__What to produce__
Below are some records. Return exactly the lines from the one containing "Decathlon Domyos Kadın" through the one containing "2026年AI予測：GPT-5.2登場とNvidia・Groqが変える未来", both included, and only those.
Supplied data START
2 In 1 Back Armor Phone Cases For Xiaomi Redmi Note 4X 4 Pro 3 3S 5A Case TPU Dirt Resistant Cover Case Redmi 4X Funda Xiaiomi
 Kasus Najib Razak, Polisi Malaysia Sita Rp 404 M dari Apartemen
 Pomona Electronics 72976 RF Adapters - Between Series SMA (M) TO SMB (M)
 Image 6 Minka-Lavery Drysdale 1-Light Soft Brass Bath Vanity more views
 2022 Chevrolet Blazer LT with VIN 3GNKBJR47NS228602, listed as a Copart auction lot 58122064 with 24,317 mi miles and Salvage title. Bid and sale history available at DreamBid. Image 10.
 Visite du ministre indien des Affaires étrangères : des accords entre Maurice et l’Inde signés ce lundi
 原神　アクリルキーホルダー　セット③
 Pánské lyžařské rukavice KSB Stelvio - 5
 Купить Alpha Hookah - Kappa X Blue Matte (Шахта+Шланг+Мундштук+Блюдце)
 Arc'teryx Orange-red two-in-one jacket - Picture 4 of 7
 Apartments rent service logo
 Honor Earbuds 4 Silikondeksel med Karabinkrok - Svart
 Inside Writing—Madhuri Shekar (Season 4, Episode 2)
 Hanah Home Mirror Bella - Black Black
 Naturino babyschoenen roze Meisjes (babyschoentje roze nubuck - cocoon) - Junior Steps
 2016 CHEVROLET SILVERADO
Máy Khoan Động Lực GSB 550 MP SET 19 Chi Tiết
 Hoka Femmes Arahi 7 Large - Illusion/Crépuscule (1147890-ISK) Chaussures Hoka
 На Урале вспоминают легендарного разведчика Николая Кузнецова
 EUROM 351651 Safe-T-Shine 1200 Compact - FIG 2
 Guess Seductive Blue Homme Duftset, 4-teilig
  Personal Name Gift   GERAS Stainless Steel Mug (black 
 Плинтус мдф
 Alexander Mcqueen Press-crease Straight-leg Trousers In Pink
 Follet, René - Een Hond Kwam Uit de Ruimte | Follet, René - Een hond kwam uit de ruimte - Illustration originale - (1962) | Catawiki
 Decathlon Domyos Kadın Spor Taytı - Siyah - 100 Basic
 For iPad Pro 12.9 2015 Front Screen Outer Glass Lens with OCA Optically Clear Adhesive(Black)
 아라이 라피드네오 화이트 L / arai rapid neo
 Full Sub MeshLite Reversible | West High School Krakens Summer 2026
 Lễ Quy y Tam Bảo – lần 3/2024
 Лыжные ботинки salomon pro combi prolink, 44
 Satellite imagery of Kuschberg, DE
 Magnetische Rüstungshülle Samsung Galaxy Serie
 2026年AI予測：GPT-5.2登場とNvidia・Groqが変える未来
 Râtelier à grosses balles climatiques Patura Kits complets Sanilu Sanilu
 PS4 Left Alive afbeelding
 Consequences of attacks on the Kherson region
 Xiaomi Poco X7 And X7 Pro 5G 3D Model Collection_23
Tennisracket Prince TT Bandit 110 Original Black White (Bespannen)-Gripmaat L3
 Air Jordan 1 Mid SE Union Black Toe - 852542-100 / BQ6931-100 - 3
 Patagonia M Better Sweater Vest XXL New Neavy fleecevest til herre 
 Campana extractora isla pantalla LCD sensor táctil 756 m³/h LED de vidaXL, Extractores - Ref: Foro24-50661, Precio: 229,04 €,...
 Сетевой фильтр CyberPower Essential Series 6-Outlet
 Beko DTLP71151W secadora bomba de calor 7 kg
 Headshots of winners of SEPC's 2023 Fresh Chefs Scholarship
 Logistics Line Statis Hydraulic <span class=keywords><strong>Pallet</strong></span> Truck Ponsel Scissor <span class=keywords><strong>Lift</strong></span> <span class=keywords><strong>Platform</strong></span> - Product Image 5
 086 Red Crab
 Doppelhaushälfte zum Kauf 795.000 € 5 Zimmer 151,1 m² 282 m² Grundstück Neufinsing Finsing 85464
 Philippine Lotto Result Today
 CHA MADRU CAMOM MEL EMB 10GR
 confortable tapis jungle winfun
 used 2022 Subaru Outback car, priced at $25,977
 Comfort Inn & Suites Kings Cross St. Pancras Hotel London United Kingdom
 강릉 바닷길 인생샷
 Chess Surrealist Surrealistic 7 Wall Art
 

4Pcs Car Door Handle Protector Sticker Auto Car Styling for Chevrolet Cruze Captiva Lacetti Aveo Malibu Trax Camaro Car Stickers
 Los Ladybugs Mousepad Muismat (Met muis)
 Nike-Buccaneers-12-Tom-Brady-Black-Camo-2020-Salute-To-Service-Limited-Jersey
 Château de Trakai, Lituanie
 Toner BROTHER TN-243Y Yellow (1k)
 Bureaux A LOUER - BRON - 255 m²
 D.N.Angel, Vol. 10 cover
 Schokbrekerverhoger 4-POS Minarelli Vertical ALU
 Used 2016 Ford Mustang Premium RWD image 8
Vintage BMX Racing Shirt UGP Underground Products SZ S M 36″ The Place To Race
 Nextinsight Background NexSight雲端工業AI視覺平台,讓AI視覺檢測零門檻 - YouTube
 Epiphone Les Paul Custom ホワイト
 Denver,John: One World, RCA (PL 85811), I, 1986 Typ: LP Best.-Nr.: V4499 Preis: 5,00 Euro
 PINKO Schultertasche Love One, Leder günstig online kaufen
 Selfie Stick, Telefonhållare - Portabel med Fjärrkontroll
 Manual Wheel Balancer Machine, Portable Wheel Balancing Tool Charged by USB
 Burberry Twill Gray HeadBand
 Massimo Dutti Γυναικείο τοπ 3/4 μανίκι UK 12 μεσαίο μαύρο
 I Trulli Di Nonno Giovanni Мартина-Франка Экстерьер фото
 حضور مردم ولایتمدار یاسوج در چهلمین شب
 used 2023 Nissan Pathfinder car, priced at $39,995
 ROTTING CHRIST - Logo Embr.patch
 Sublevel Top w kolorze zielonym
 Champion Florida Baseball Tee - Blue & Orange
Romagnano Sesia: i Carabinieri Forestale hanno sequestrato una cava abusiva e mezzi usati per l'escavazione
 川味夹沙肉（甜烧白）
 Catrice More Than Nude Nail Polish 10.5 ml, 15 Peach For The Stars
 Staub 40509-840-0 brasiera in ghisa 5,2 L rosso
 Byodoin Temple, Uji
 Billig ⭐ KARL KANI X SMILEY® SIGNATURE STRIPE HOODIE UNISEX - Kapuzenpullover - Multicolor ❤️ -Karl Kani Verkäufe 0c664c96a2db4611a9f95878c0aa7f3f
Supplied data END
__Result__
 Decathlon Domyos Kadın Spor Taytı - Siyah - 100 Basic
 For iPad Pro 12.9 2015 Front Screen Outer Glass Lens with OCA Optically Clear Adhesive(Black)
 아라이 라피드네오 화이트 L / arai rapid neo
 Full Sub MeshLite Reversible | West High School Krakens Summer 2026
 Lễ Quy y Tam Bảo – lần 3/2024
 Лыжные ботинки salomon pro combi prolink, 44
 Satellite imagery of Kuschberg, DE
 Magnetische Rüstungshülle Samsung Galaxy Serie
 2026年AI予測：GPT-5.2登場とNvidia・Groqが変える未来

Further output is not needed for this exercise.